Victims injured in motor vehicle-related accidents with no other insurance can still recover limited benefits for their injuries thanks to the efforts of PaTLA’s Amicus Curiae Committee. Amicus Committee members James R. Ronca of Harrisburg and Leonard A. Sloane of Media played key roles in the case by providing expert analysis and advocacy on behalf of injured victims.
On August 22, the Pennsylvania Supreme Court reversed the Superior Court’s decision in Pennsylvania Financial Responsibility Assigned Claims Plan v. English holding that victims injured while occupying or operating an uninsured motor vehicle after July 1, 1990, the effective date of the Act 6 amendments, are eligible for benefits under the Assigned Claims Plan. At issue was whether the Act 6 Amendments to the MVFRL, which provides optional UM/UIM coverage, effectively eliminated the obligation of the Assigned Claims Plan to pay benefits to persons otherwise eligible or injured while driving or occupying an uninsured vehicle. The Supreme Court held that the Assigned Claims Plan was required to provide such benefits and reversed the Superior Court.

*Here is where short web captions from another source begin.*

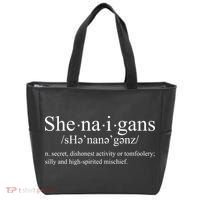 Shenanigans Definition St Patricks Day Funny Tote Bag thumb 0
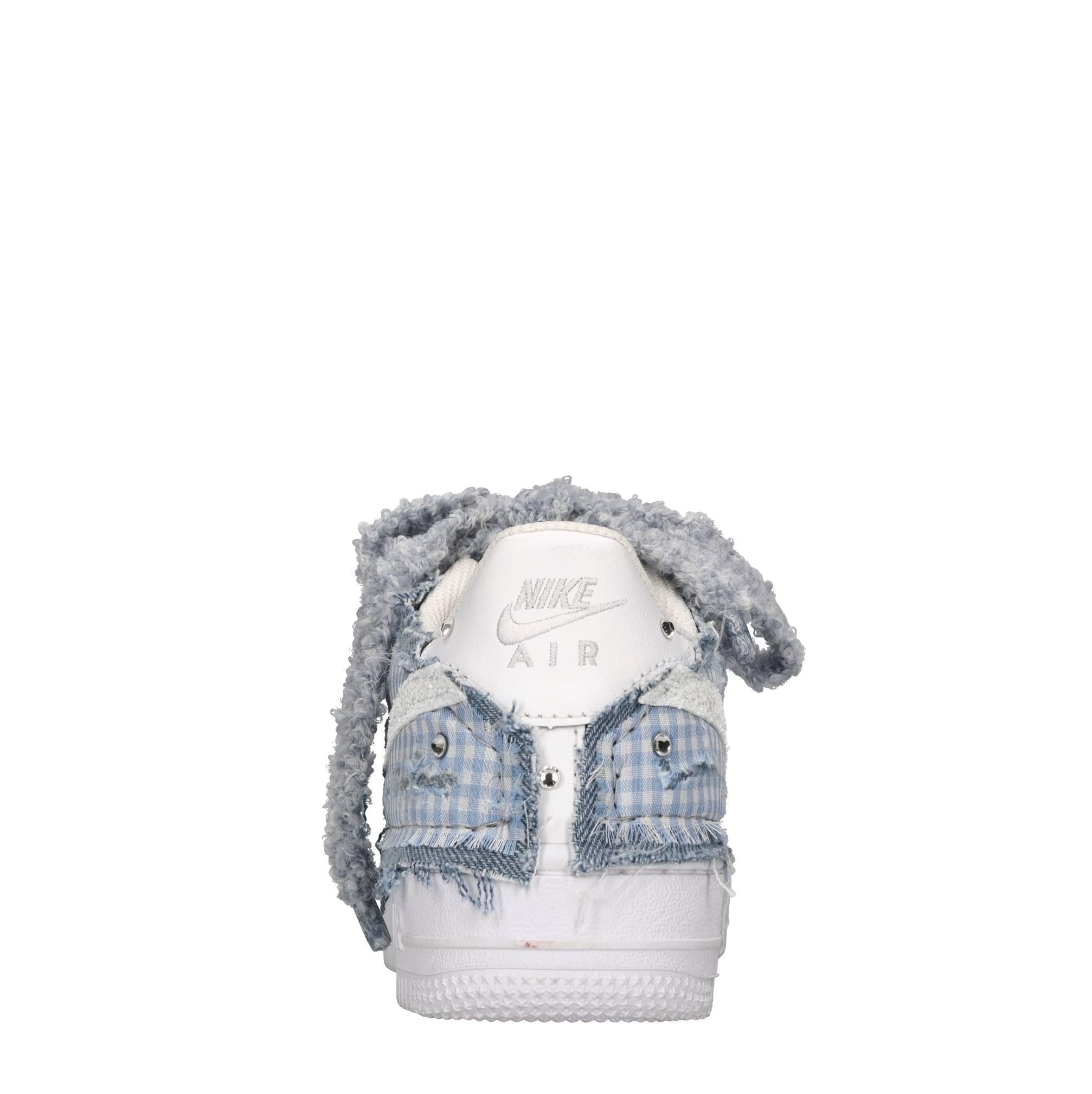 Sneakers Air Force 1 in pelle e tessuto 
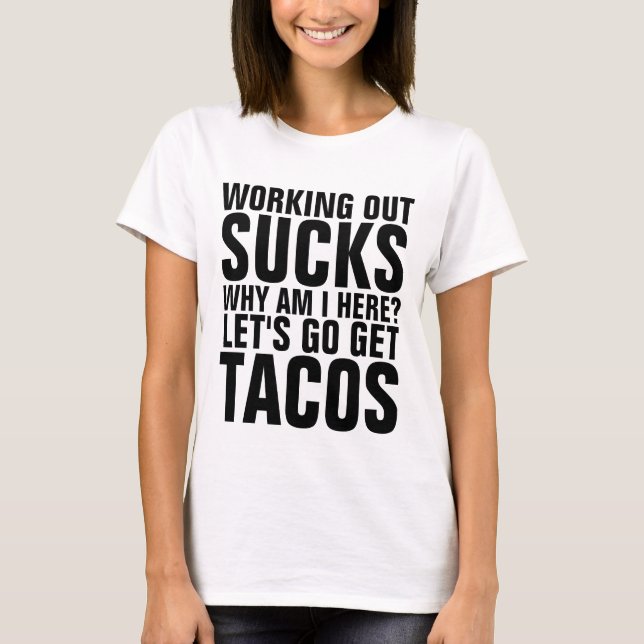 SOUFFLE D'EXERCICE, TACOS, T-shirts Funny Gym (Devant)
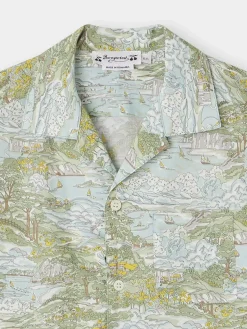 Bonpoint Steve Shirt Lichen Green |Child Tops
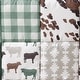 preview thumbnail 3 of 3, The Peanutshell Nursery Crib Bedding Set for Baby Boys, Boho Farm, 3 Pieces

PaTLA President Joanna Hamill Flum said that the Supreme Court’s decision in English “represents a significant victory for those Pennsylvanians who are most in need – victims who, through no fault of their own, have no other source of insurance coverage.” Hamill Flum said that English affects individuals who are very deserving of PaTLA’s help. “PaTLA recognizes the rights of motor vehicle accident victims, whether they are uninsured or underinsured, to receive fair compensation for their injuries,” she added. “We are proud of this recent victory and are grateful to Len Sloane, Jim Ronca and David Rosenberg for their efforts,” Hamill Flum added.
Rosenberg, who represented the appellant, Maria English, in Dauphin County Common Pleas Court and in Superior Court, said the victory would not have been possible without support from the Amicus Committee and the involvement of Sloane who prepared the brief and Ronca who argued the case. Rosenberg said it’s hard financially for a single law firm to go up against a large insurance company in these types of cases. “There are significant costs in bringing a case to the Supreme Court; PaTLA’s expert assistance was a big plus.” He said.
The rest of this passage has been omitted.